Local educators aren't entirely clear how the waiver will impact their classroom at this point, or how it might change things in the future. Jeff Thompson, a science teacher in Dunkerton Community Schools, said he doesn't focus on NCLB in his classroom. He focuses on students.

"I enjoy being there when an idea or concept finally gets across, or when they have success," Thompson said.

He doesn't need a high score on a test to know when a kid is successful. But for the past ten years, NCLB has required teachers, districts, and states to follow strict guidelines for evaluating student achievement.

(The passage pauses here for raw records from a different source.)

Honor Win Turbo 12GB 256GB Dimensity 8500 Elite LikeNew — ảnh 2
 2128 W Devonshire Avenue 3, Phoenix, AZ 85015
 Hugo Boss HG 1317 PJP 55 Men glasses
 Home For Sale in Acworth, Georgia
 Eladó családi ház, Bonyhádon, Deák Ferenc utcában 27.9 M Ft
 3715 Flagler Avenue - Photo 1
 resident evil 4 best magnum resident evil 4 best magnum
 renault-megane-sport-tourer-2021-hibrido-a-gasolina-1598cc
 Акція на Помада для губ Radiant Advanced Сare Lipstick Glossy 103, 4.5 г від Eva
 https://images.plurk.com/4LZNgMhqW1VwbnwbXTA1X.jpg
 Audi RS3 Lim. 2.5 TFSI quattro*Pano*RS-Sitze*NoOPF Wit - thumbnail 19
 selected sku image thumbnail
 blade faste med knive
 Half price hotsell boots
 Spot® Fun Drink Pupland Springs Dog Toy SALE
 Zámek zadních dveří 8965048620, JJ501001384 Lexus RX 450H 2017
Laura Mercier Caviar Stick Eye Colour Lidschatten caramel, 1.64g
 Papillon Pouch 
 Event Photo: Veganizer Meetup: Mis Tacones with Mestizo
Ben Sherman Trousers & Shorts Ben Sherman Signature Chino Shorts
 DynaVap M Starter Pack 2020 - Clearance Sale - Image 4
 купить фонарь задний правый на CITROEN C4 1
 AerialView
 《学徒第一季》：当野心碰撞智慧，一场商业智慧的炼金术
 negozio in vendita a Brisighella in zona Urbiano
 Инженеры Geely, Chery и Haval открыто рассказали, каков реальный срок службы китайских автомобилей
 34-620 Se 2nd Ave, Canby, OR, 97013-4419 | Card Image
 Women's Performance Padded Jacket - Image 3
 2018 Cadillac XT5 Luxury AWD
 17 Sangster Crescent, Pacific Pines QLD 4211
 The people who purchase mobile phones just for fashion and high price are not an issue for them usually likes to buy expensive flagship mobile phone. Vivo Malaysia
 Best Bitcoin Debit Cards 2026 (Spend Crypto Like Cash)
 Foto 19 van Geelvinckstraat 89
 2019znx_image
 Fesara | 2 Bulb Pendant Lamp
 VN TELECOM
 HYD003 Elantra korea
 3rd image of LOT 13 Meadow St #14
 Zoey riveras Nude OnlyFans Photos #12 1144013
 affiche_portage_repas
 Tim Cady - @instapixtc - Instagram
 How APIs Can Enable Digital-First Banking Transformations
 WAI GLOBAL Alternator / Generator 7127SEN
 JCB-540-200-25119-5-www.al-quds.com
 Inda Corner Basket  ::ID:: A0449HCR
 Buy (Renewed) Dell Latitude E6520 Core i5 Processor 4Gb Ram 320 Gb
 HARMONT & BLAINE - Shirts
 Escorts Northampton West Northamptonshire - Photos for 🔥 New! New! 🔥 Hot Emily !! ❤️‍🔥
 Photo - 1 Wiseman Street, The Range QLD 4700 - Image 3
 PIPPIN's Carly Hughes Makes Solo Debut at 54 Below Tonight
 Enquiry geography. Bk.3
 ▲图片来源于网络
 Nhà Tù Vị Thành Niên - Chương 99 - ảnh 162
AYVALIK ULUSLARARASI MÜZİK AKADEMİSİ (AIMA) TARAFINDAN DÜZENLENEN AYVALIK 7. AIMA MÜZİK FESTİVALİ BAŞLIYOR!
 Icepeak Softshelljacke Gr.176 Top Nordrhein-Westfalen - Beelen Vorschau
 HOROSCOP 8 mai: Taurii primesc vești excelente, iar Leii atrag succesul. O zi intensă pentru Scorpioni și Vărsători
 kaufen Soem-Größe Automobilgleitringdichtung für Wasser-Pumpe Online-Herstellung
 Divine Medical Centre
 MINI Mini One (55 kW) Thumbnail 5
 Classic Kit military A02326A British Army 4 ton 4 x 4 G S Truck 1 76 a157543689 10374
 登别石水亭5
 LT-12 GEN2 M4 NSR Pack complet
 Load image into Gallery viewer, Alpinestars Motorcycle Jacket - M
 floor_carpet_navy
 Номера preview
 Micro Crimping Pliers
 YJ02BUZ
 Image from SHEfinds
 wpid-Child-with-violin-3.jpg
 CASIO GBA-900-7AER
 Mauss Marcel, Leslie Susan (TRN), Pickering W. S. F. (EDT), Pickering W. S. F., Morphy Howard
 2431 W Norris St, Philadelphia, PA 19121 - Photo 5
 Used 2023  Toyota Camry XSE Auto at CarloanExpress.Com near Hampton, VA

"No Child Left Behind has done some very positive things for groups of students who were often overlooked, like kids with disabilities and kids in poverty," said Glass. "However, measures it prescribed to decide which schools were succeeding or failing were too narrow. Student achievement should be central, but we should also look at student growth and other aspects of schools beyond tests to see if they are successful for kids."

Superintendent of Dunkerton Schools, James Stanton, agreed with Glass.

"I think the intention of it was good. I just think, there were a lot of things in there that, from a practical standpoint, or from a small school standpoint -- an Iowa standpoint -- they weren't real practical," he said.

The one-size-fits-all testing, and the paperwork that along goes with it, are among the flaws cited by educators. But, in Dunkerton, they've followed the plan for one simple reason.

"In all honesty, for us, they have a $7 million carrot that they hold out in front of us," said Stanton.

Assuming Glass follows through on a decision to opt out of NCLB, the state -- and Dunkerton -- will have more flexibility with federal education funds. But first, Iowa needs to lay out its plan for reforming K-12 education.

"When we know more specifics, then we'll start to look at what we're going to do, and maybe get a little bit excited. But right now, it's hard to," Stanton admitted.

Thompson, for one, has heard the call for reform before. He hopes, this time, change is made by the right people.

"You just hope the people that have the most knowledge, the most interest are the ones that have the chance to make the final decisions on this. Parents and students and teachers... and not politicians in Washington," Thompson said.

Last year, more than 500 Iowa schools failed to meet NCLB targets in reading and math. In order to receive a waiver, state leaders will need to submit a comprehensive plan for improvement to the U.S. Department of Education.